EXERCISE AIM
From the listing below, please restate exactly the lines beginning at the one with "5GRGN23U35H109330 2005 2005 Hummer H2 3" and ending at the one with "2026 Ford Ranger", both included, and skip the pictures.

STORED DATA
↓↓↓

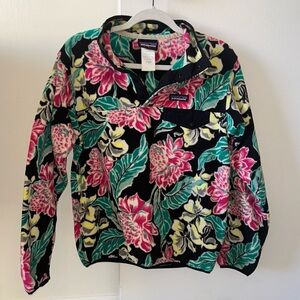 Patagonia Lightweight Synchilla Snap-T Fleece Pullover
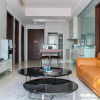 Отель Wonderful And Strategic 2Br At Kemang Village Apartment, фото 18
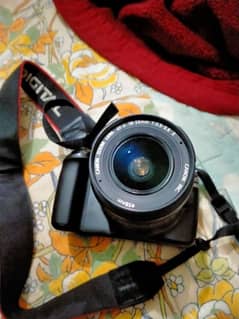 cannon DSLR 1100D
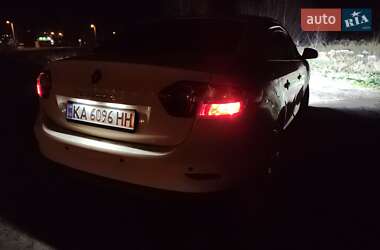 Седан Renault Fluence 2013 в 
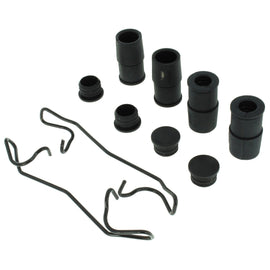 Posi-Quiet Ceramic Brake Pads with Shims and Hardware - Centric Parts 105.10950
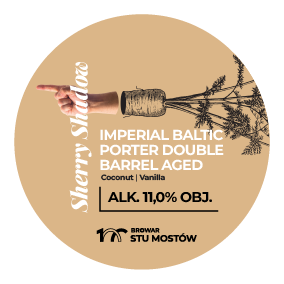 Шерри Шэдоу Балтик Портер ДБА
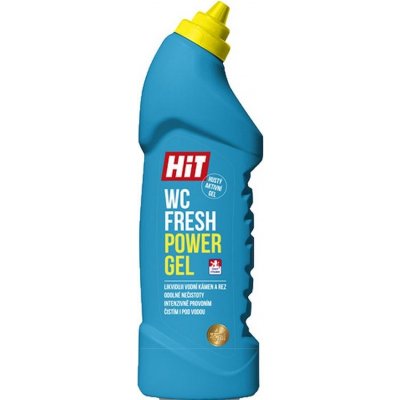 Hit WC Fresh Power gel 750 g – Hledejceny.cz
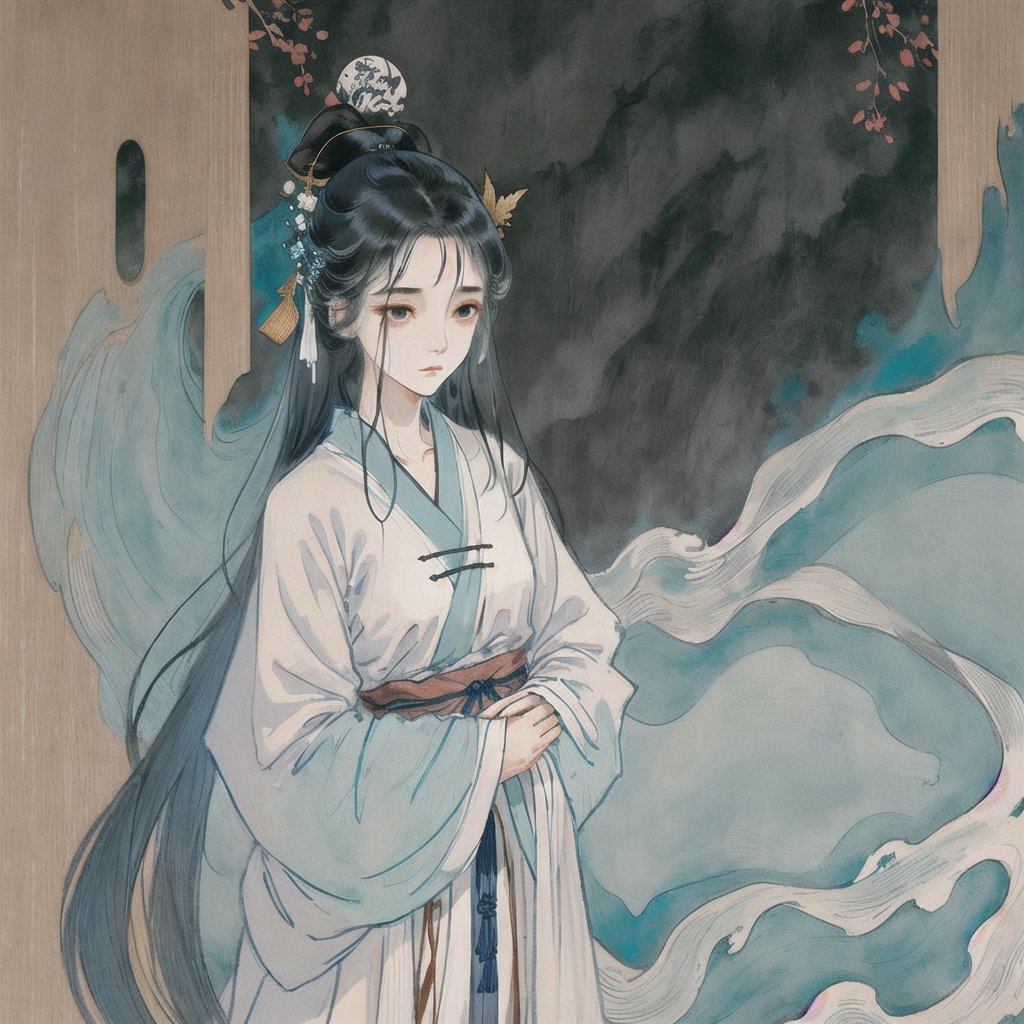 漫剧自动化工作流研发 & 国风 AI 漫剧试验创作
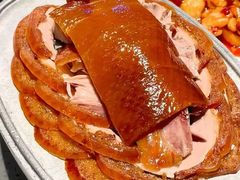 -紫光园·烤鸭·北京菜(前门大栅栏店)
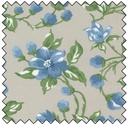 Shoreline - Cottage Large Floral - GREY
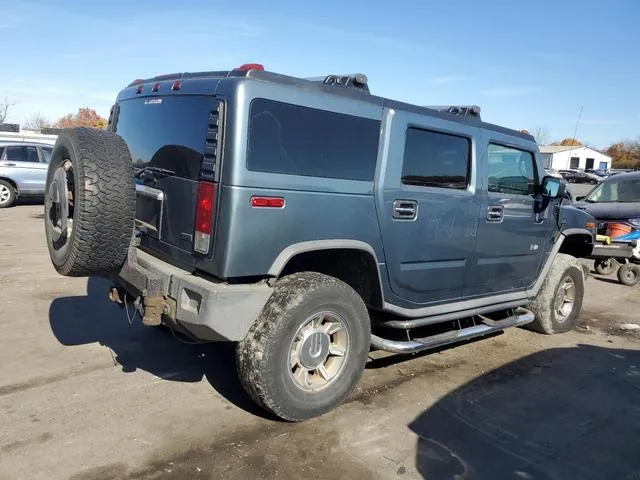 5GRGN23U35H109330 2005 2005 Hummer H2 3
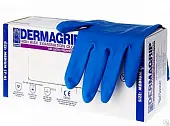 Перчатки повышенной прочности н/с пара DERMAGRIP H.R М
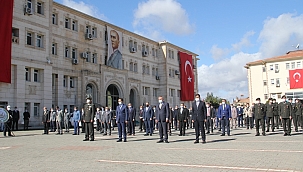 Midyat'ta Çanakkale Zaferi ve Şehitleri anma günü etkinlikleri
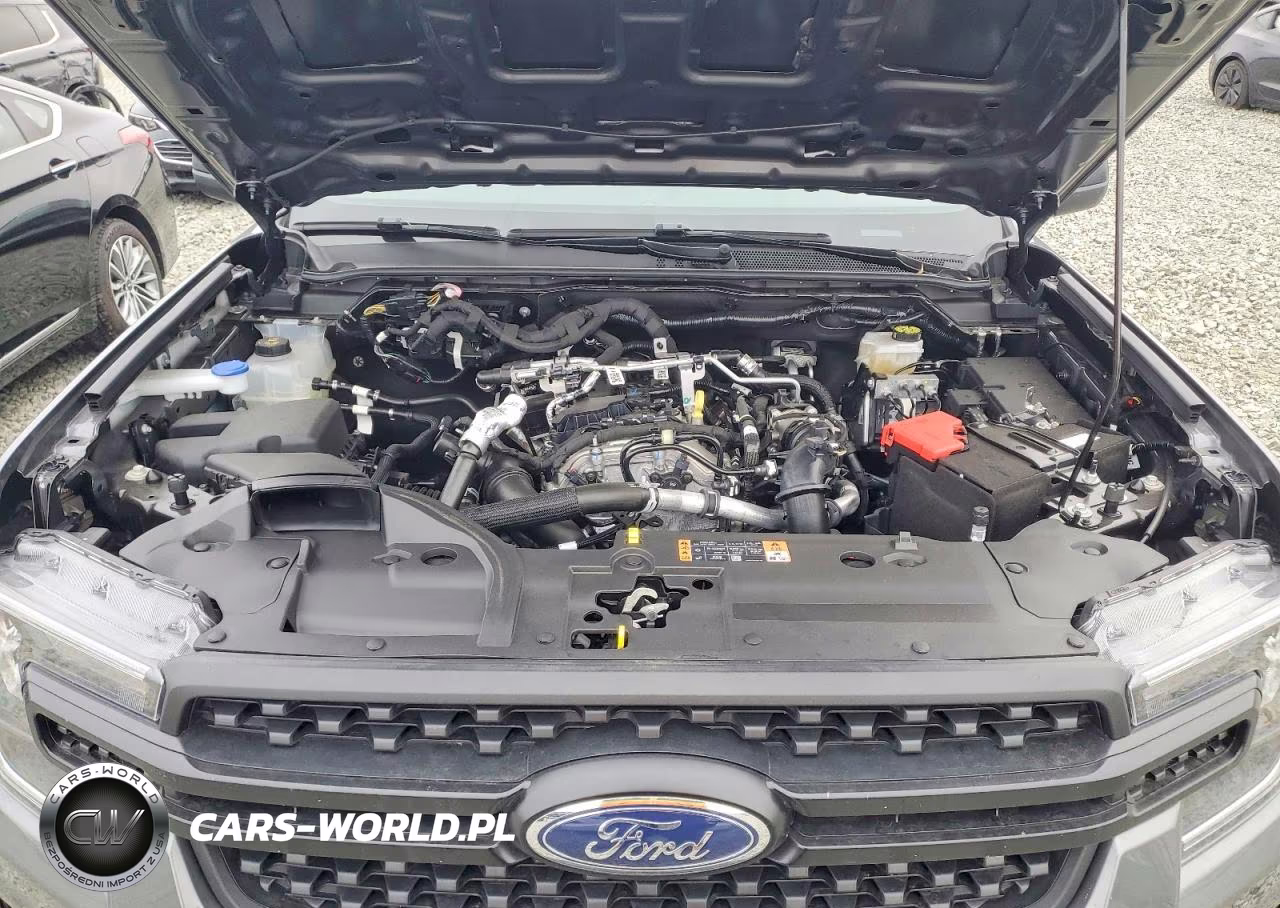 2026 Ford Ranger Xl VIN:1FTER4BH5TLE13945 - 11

↑↑↑
↓↓↓

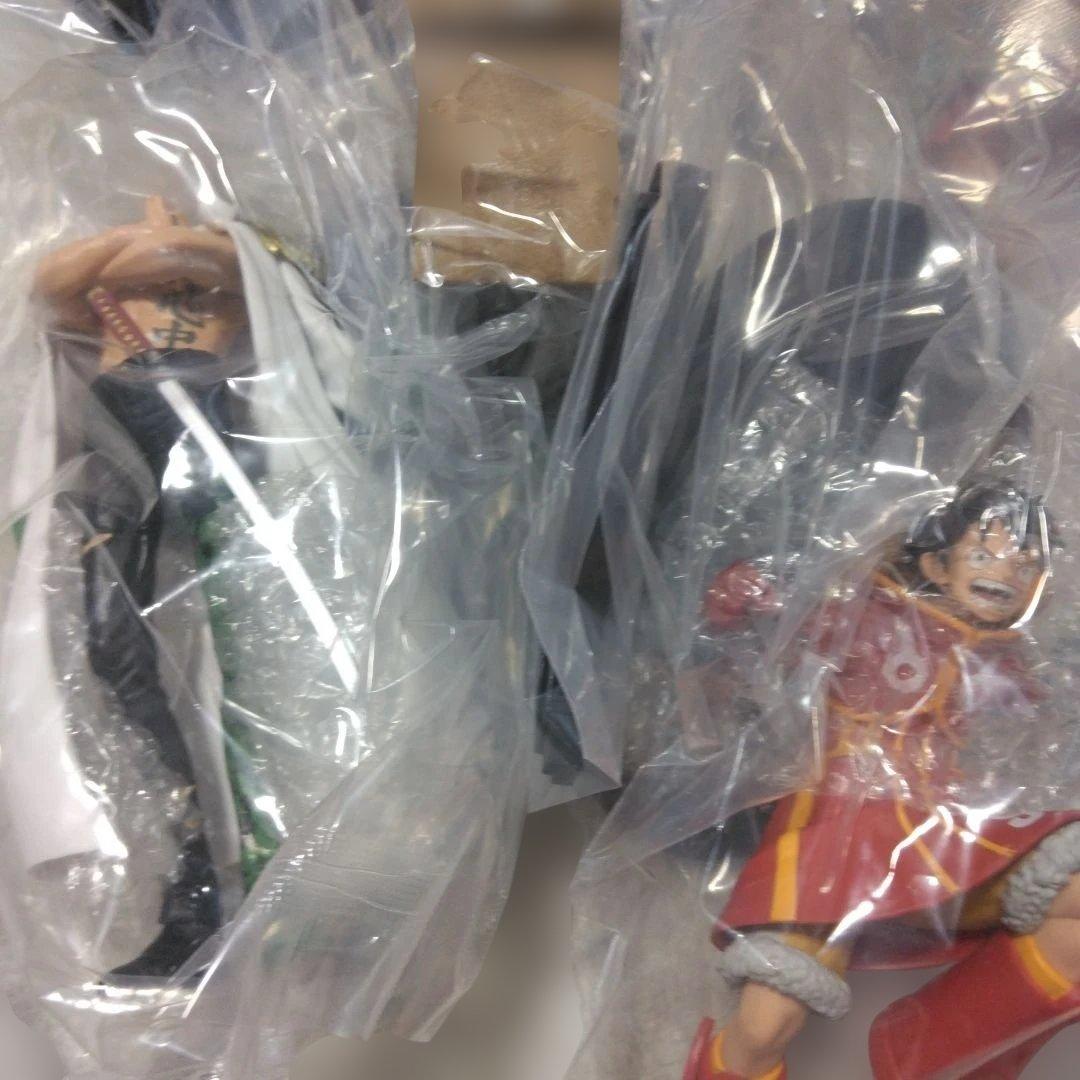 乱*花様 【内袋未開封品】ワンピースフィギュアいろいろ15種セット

↑↑↑

TASK ANSWER
 5GRGN23U35H109330 2005 2005 Hummer H2 3
 Перчатки повышенной прочности н/с пара DERMAGRIP H.R М
 Midyat'ta Çanakkale Zaferi ve Şehitleri anma günü etkinlikleri
 2026 Ford Ranger Xl VIN:1FTER4BH5TLE13945 - 11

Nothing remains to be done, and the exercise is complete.